Maybe such authors ran out of proverbial gas already, and only devoted one last stretch of effort towards performing one last ritualistic burning in effigy of a perpetual acceptable target.
Maybe, on the contrary, they simply feel such condemnation has crested their creative apogee, and nothing they further concoct could match the glory of hurling a man in garbage where he belongs. As a meet-cute.
For once though I'll allow myself a creaking, dusty sliver of optimism. Dare one hope you wondered where exactly you're going with this thing, and more importantly why? Realized your creative effort was being derailed by a memetic infection demanding you interject a bad man to be defeated or condescended to by good women, regardless of your story's actual purpose? Sussed contriving reasons to slam down, demonize or skin alive a hated demographic leads down no other narrative path than constantly doubling down on the self-justifying bigotry? Maybe you had not originally intended to manufacture some piece of supremacist propaganda masquerading as "justice" according to your sophomore year creative writing professor's ranting. Coughed at peanut dust from 1971 on a supposedly trendy topic? Grokked dogma as a refuge for the incompetent, an I.O.U. from a bankrupt imagination?
Or you just fired up Netflix, viewed one of the endless thousands of feminist propaganda pieces already glutting the zeitgeist and saw your market share for the infinitesimal sliver you'd get by piling on with the most retread moralism in the history of storytelling: man bad, woman good. Well, they say there are many paths to enlightenment. I suppose one of them could meander through the marketing department...

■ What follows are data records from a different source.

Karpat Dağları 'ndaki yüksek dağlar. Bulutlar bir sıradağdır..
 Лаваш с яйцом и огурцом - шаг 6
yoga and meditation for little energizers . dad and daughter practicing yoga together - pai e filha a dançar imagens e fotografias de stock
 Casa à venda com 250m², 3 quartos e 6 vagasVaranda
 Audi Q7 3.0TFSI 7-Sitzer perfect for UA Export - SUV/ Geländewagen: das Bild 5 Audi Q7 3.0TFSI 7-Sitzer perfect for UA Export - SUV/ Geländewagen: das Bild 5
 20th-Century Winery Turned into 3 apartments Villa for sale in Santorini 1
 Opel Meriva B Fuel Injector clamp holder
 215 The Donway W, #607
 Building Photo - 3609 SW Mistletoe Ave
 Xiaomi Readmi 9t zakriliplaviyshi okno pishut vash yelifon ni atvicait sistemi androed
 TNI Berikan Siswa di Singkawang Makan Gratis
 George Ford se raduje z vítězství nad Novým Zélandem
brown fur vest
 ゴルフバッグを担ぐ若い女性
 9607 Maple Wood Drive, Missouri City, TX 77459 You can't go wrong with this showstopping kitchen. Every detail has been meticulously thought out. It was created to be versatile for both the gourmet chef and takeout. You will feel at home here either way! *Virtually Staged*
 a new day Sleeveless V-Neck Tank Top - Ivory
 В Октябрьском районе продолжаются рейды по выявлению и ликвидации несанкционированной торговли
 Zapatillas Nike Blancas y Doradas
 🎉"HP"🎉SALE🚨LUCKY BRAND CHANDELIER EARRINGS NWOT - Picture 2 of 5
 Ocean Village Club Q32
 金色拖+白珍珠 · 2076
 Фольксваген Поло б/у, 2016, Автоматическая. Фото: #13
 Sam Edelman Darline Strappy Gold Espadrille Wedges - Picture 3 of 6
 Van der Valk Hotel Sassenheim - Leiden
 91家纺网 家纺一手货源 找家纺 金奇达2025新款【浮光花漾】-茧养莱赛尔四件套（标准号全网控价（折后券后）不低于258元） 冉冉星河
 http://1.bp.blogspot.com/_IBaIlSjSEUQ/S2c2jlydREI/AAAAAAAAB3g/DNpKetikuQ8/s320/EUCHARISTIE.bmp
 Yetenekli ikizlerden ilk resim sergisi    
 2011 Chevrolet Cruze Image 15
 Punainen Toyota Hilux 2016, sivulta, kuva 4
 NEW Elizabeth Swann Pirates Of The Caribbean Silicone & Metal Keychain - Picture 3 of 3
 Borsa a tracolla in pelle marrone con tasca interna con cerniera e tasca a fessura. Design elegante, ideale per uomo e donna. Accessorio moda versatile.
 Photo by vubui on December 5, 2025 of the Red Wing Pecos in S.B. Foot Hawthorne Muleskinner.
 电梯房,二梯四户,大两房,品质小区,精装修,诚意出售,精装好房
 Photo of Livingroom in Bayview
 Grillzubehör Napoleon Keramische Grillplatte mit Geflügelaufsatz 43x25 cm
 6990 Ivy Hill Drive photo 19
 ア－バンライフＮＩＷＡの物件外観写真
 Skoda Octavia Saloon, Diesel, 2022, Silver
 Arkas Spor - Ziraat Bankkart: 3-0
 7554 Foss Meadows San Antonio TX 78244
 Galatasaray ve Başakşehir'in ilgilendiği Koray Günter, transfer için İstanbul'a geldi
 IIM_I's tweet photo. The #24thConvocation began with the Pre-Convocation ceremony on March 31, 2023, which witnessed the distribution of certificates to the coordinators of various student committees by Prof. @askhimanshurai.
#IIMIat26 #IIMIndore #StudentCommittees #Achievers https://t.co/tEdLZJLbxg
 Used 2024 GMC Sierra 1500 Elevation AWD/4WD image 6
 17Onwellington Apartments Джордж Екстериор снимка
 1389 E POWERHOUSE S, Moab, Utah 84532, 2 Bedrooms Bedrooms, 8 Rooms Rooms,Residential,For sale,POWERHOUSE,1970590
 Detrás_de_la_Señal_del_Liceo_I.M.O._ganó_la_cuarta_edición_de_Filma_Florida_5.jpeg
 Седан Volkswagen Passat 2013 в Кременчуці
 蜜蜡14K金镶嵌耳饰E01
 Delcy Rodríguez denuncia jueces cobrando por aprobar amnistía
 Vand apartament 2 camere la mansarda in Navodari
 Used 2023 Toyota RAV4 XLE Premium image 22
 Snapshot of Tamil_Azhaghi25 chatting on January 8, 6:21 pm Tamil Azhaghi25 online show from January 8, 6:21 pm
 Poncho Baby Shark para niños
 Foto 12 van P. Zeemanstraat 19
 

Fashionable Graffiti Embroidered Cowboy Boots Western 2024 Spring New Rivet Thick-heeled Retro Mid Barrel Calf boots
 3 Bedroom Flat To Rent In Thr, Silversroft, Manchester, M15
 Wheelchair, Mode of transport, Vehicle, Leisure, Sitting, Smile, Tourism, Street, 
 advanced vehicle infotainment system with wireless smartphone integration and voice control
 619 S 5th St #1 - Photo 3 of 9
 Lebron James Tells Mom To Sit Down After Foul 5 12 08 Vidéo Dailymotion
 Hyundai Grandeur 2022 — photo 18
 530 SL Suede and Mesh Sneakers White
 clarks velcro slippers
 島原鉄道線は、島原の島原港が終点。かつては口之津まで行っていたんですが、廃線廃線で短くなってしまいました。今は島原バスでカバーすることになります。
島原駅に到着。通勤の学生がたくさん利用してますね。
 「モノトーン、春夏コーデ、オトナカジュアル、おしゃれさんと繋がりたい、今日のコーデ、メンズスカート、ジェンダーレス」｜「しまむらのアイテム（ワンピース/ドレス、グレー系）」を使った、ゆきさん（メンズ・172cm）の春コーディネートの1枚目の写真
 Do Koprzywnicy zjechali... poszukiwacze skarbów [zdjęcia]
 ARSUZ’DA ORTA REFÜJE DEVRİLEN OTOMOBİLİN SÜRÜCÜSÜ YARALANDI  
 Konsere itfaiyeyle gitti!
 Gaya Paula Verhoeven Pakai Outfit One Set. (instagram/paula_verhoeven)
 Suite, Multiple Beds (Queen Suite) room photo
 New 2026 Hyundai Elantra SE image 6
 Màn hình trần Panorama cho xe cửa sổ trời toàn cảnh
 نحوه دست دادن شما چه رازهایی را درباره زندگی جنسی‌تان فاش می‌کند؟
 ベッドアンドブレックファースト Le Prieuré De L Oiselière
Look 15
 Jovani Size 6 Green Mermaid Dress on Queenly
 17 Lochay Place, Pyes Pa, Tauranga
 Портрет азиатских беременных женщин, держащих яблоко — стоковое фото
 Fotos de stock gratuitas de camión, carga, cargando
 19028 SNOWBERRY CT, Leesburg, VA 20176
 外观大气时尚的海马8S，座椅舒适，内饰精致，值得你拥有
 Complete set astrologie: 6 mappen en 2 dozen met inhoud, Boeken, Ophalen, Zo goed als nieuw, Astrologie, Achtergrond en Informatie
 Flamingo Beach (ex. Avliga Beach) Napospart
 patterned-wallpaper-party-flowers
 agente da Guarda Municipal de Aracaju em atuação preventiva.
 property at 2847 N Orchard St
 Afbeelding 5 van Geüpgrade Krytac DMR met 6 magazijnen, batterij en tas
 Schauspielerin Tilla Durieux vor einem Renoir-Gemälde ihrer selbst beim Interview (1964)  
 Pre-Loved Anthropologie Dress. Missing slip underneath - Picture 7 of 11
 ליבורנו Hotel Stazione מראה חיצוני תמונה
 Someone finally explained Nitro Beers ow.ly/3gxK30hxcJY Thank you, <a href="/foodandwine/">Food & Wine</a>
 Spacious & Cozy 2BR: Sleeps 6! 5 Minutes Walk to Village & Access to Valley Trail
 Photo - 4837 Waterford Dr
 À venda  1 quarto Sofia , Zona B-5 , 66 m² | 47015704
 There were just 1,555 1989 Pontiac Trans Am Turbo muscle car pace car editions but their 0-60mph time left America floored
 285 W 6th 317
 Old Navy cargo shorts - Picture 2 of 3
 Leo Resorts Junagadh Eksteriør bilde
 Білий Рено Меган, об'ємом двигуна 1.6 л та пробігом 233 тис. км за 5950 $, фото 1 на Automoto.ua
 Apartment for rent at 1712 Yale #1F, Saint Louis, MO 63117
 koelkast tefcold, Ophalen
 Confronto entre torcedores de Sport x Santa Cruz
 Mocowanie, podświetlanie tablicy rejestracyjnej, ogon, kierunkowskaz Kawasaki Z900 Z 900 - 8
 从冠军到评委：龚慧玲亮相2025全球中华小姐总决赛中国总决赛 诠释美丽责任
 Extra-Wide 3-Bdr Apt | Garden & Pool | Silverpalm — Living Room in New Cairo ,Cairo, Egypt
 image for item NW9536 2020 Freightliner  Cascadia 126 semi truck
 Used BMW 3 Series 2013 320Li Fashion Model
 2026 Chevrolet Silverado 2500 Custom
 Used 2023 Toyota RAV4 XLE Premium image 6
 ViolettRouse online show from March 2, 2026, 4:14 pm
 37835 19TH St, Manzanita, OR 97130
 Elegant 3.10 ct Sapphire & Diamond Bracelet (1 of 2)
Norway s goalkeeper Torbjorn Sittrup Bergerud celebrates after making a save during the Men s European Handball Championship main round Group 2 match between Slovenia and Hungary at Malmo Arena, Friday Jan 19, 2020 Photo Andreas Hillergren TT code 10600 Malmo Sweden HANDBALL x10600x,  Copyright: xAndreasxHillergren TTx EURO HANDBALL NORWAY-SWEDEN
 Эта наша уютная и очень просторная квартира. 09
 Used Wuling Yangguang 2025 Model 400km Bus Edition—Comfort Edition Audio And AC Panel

______________________________________________________
* Consider that our best modern reference for such characters comes from
The Princess Bride, a send-up of their conventions. A sympathetic one, sure, but nonetheless demonstrating an Inigo would be hard to take completely serious nowadays.
** As usual when you find yourself faced with feminist equality, reverse the polarity: show me every popular movie/game male hero
introduced as opposing a wicked old woman then shooting several women and being praised for it by another
man to demonstrate his righteousness.
*** Granted, that's a far more egalitarian ratio than in most places.